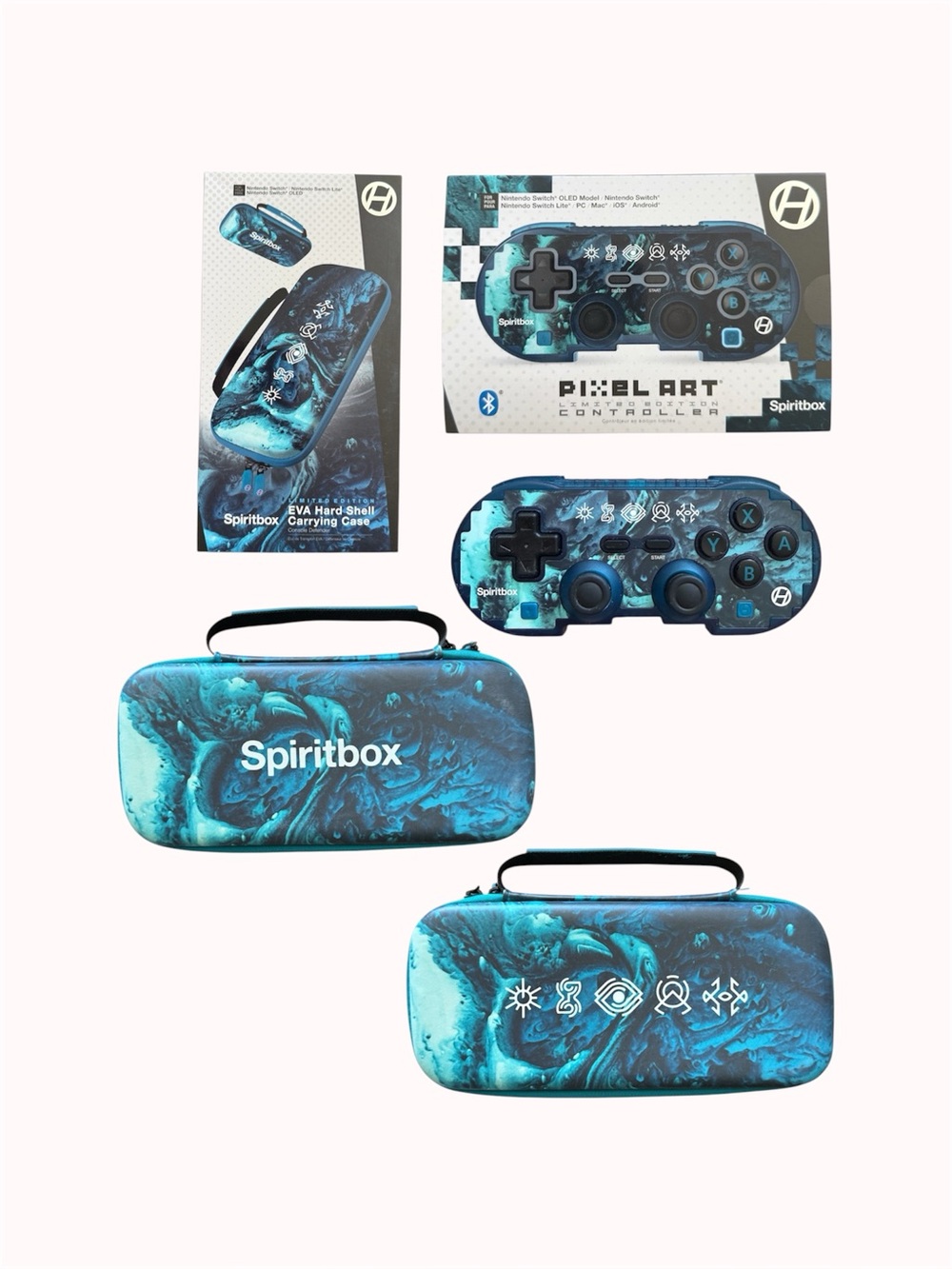 LE Hyperion x Spiritbox Nintendo Switch case + wireless controller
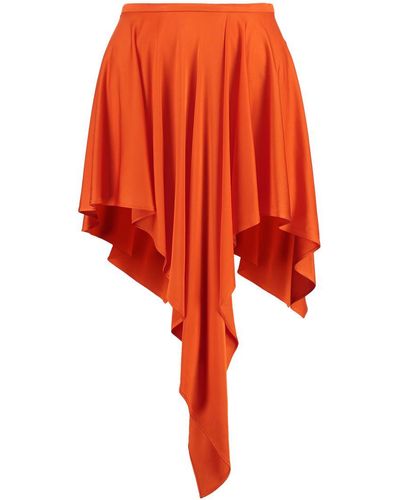 Stella McCartney Asymmetric Skirt - Orange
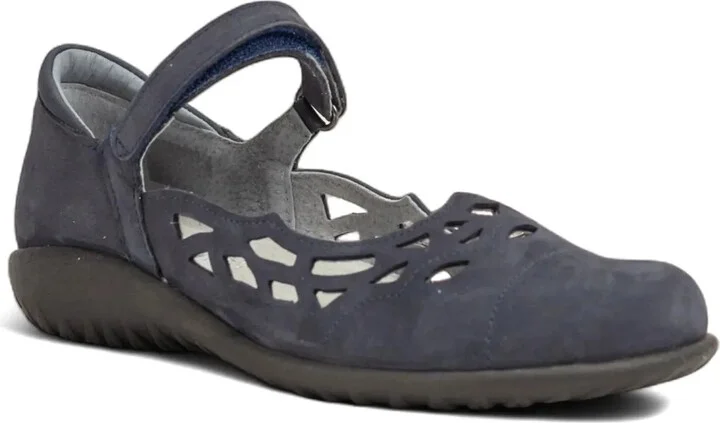 Navy Nubuck Leather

◆ **Work to complete**
Would you restate word for word only the lines from the line with "Stella McCartney Asymmetric Skirt - Orange" to the last line above, with the pictures left out?

◆ **Task answer**
 Stella McCartney Asymmetric Skirt - Orange
 Navy Nubuck Leather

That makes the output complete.